*WORK ORDER*:
Beginning at the line containing "ISC Mens Gold" in the material below and ending at the line containing "Women's black tights", return each line exactly and add nothing.

*DATA TO PROCESS*:
——————
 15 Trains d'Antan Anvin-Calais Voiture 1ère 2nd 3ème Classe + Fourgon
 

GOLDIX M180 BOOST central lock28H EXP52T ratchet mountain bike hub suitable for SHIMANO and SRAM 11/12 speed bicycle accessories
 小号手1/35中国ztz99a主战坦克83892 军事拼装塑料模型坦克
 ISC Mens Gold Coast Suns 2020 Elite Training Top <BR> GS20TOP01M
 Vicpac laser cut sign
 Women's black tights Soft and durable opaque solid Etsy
——————
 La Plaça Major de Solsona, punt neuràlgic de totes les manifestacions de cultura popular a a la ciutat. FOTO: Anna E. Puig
——————
*EXERCISE OUTPUT*:
 ISC Mens Gold Coast Suns 2020 Elite Training Top <BR> GS20TOP01M
 Vicpac laser cut sign
 Women's black tights Soft and durable opaque solid Etsy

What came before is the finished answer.